New Jersey's Appellate Division Rules that Mere Generation of Hazardous Substances Without Evidence of Spill is Insufficient for Spill Act Liability

In the recent case of Northern International Remail and Express Co. v. Lester Robbins, et al., the Appellate Division held that a plaintiff’s claim against a former owner of property cannot survive without evidence that the former owner’s tenants did more than just generate hazardous waste. In Northern International, Northern International Remail and Express Co. (“Northern”) purchased a site in Union, New Jersey from defendant, Lester Robbins (“Robbins”) in 1991. The site was purchased by Robbins in 1976, and at the time was being leased by Baron Blakeslee, Inc. (“Baron”). Baron was engaged in the storage and distribution of chlorinated solvents, and used “a minimum of two 1,000 gallon outdoor tanks” for storage of such solvents. Although Baron continued to be a tenant at the Union site after it was purchased by Robbins, Baron, however, moved the work it performed at the Union site to another location in 1970.

After moving its operations in 1970, Baron subleased the Union property to J&J Construction Co. (“J&J”), a corporation engaged in the installation of car radios. Another entity known as T&T Corporation (“T&T”) may also have operated at the property. The evidence indicates that both J&J and T&T generated hazardous waste. However, there was no evidence of the type of hazardous waste generated or if any governmental actions were taken against any of these entities for the storage of hazardous waste at the Union site.

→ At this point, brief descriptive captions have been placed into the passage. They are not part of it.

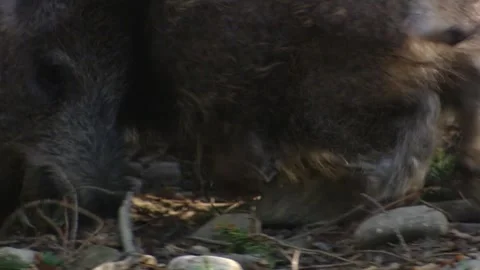 Young wild boars sparring in the forest  Stock Footage 321883293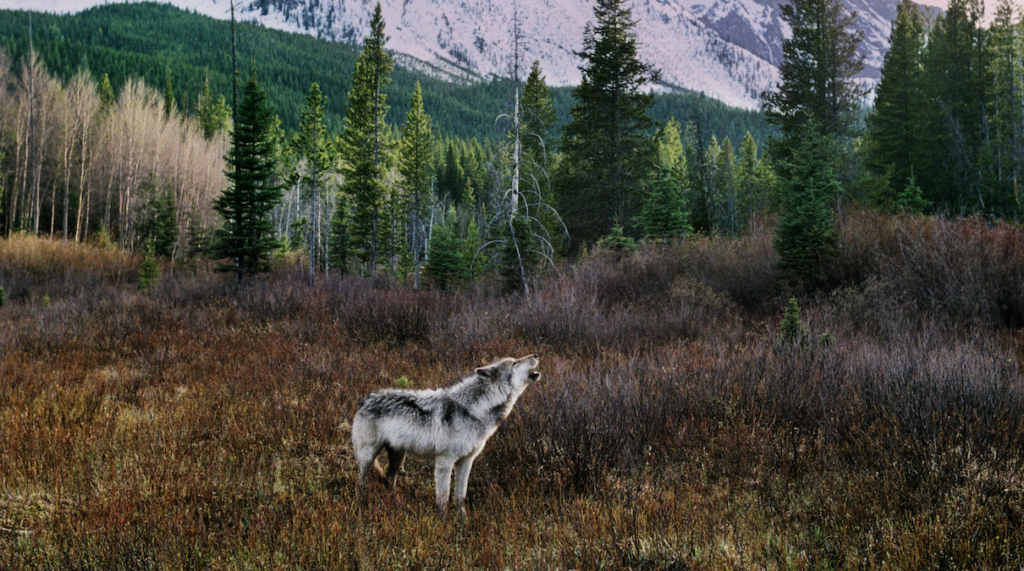 wolf-howl-c-Jim-and-Jamie-Dutcher.png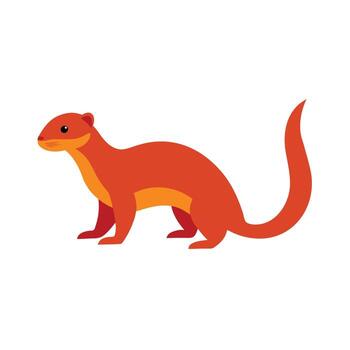 Mongoose on White Background vector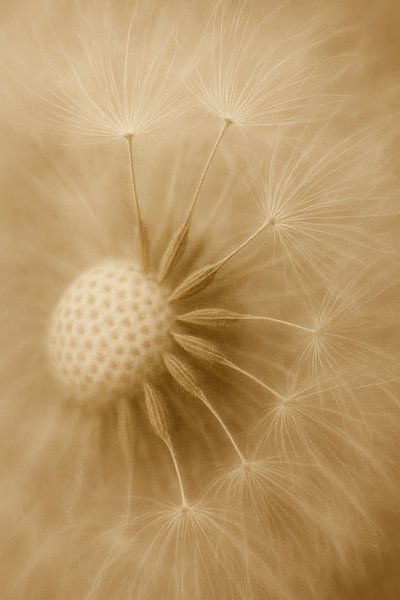 Poetic Dandelion in Sepia by But First Framing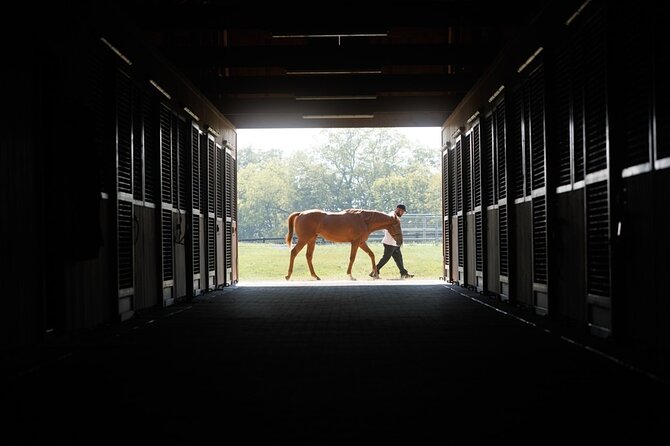 Woodford Reserve, Kismet Thoroughbred Farm & Whiskey Thief - Timing and pacing: how to get the best day without running out of steam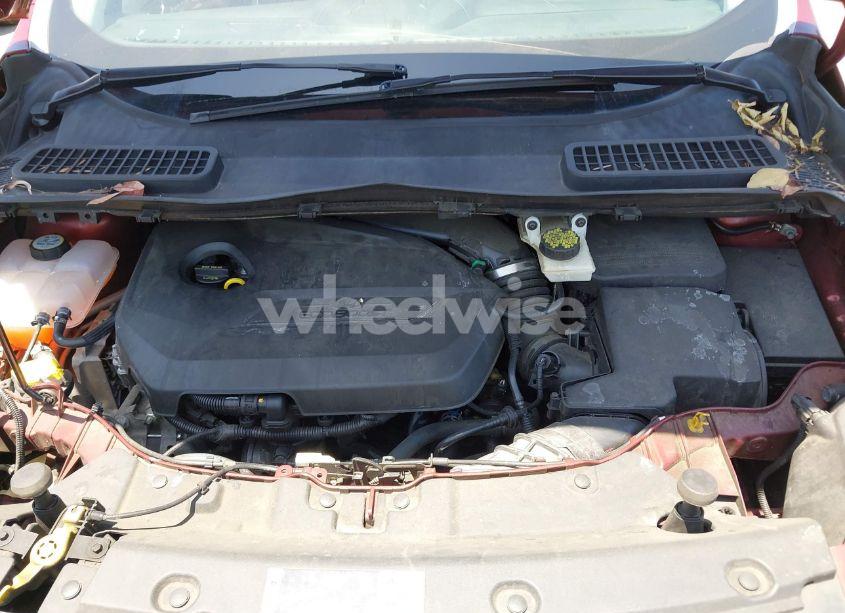 Photo 10 of 2014 Ford Escape SE (VIN 1FMCU0GX1EUD80711)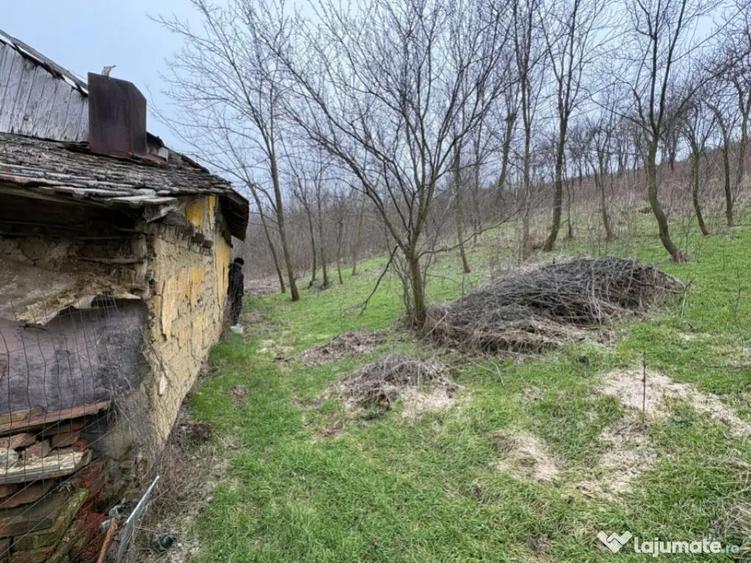 Teren 2.038 mp + Casa 50 mp de vanzare Sat Luncsoru, C - 14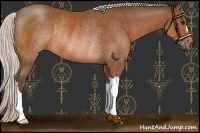 Horse Color:Silver Bay Rabicano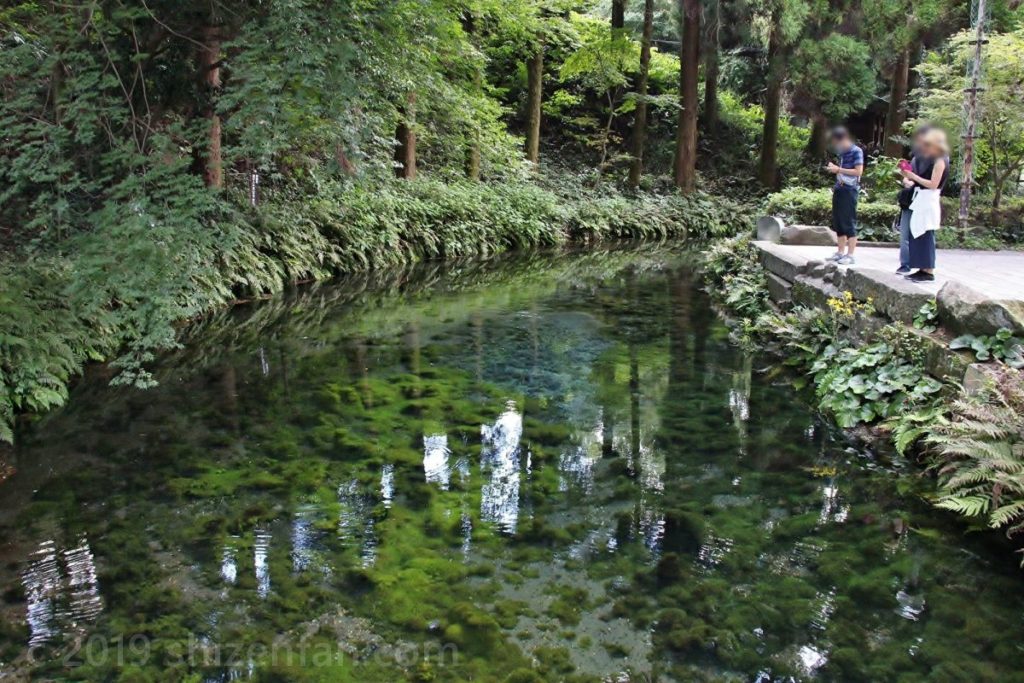白川水源の全景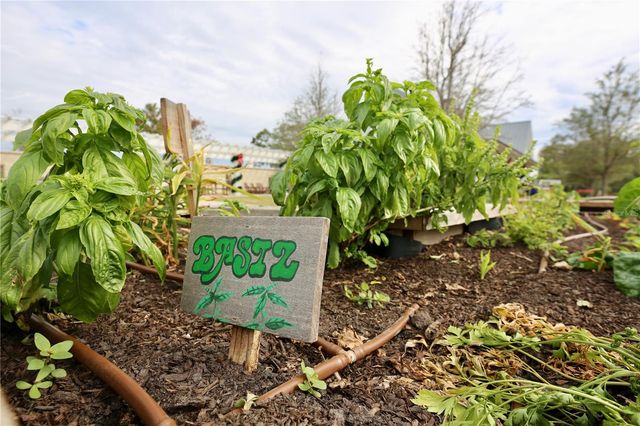 17620 NECTAR FLUME DRIVE, Land O Lakes, FL 34638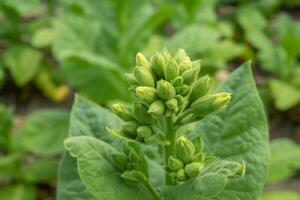 verde tabaco flor brote cuando primavera temporada en jardín campo. el foto es adecuado a utilizar para jardín campo contenido medios de comunicación, naturaleza póster y granja antecedentes.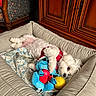 Lola a rejoint le concours — aidez-le/la à gagner de superbes lots ! animal, blanket, cozy, cute, dog, dog_bed, fluffy, furniture, home, indoor, patterned_chair, pet, plush_toy, relaxed, resting, small_dog, soft, white_dog, wooden_cabinet, yellow_ball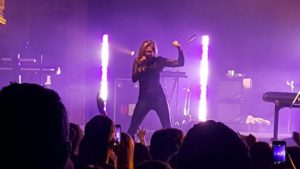 A picture of singer Rachel Platten posing with her left arm up to show she is strong, there are purple lights behind her and a crowd in front of her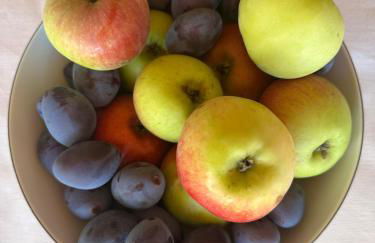 Ickelhaus 2 - Foto 15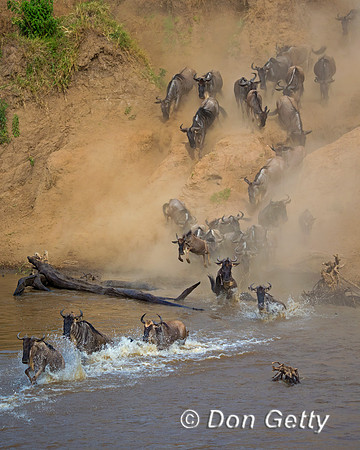 Wildebeest_45T5284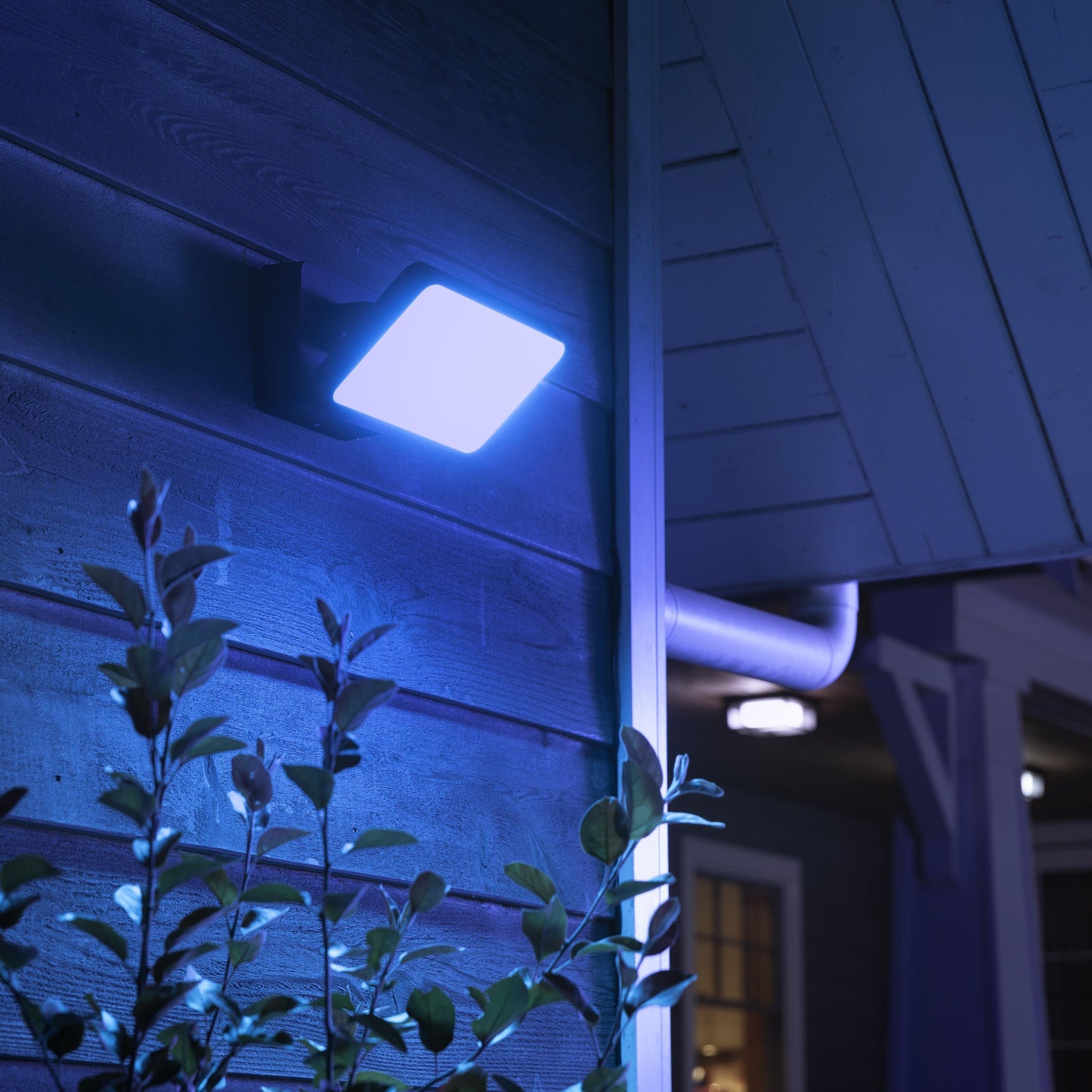 Philips Hue Opdag Udendørs projektør 2250 lm lyser blå på træhus om natten, fremhæver bladplante foran huset.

In 1998, Northern sought to refinance the Union property. In connection with the refinancing, contamination was uncovered at the Union property, which was attributed to past operations by Baron. Northern’s counsel in 1998 asked Robbins to contribute to the cost of the clean up at the Union property.

Northern eventually sued Robbins in 2008 based on New Jersey’s Spill Compensation and Control Act (the “Spill Act”) and common law claims of strict liability, nuisance, negligence, indemnification and restitution. On motion for summary judgment, the lower court dismissed Northern’s common law claims on the basis that the six year statute of limitations expired. The lower court also entered a judgment in favor of Robbins under the Spill Act on the basis that the evidence produced did not show that there had been a discharge of hazardous substances during the period of Robbins’ ownership of the Union property. Northern appealed the lower court’s ruling.

In order for Robbins to be held liable under Spill Act, Northern had to prove that hazardous substances were discharged at the Union site while Robbins was the owner of the property. Because Baron transferred its operations from the Union site prior to Robbins taking title to the Union property, Northern did not allege that Baron discharged any contamination at the Union property after Robbins took title to the property. Rather, Northern argued on appeal that Robbins was not entitled to summary judgment under the Spill Act because J&J and T&T were “registered generators of hazardous waste at the Union property during the period that Robbins was owner” asserting that this fact was sufficient to establish that there was a discharge at the Union property during Robbins’ ownership.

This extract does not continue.